Aim of the exercise: In the data below, find the line containing "VERVET BY FLYING", then set down that line and every later line up to and including the line containing "Juice / Water", exactly.

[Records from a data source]
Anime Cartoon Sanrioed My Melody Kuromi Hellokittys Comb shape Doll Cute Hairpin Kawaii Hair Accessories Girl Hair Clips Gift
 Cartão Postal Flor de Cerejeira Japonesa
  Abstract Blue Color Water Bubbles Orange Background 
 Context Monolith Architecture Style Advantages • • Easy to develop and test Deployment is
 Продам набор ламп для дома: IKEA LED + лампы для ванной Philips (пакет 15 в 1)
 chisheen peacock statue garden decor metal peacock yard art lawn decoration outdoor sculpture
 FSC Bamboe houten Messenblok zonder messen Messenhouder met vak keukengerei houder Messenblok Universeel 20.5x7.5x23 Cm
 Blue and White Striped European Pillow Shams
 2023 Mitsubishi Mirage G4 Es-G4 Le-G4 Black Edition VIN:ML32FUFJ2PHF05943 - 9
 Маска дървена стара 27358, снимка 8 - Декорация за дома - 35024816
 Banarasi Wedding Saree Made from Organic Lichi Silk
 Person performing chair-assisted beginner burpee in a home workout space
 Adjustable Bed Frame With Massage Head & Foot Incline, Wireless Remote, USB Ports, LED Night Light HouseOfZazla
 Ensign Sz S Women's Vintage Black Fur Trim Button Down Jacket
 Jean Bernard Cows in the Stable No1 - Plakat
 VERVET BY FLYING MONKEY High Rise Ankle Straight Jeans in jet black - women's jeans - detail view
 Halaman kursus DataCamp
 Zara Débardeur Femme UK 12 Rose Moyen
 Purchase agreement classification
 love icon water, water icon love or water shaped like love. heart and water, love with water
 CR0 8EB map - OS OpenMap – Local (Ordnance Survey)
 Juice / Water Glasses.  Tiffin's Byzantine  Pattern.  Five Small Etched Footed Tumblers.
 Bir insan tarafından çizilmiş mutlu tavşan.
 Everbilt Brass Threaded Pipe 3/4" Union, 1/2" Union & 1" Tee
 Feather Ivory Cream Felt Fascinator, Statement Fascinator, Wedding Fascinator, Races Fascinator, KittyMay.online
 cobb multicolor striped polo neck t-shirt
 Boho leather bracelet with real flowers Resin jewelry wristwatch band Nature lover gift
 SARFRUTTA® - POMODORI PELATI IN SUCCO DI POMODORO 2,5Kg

The answer:
 VERVET BY FLYING MONKEY High Rise Ankle Straight Jeans in jet black - women's jeans - detail view
 Halaman kursus DataCamp
 Zara Débardeur Femme UK 12 Rose Moyen
 Purchase agreement classification
 love icon water, water icon love or water shaped like love. heart and water, love with water
 CR0 8EB map - OS OpenMap – Local (Ordnance Survey)
 Juice / Water Glasses.  Tiffin's Byzantine  Pattern.  Five Small Etched Footed Tumblers.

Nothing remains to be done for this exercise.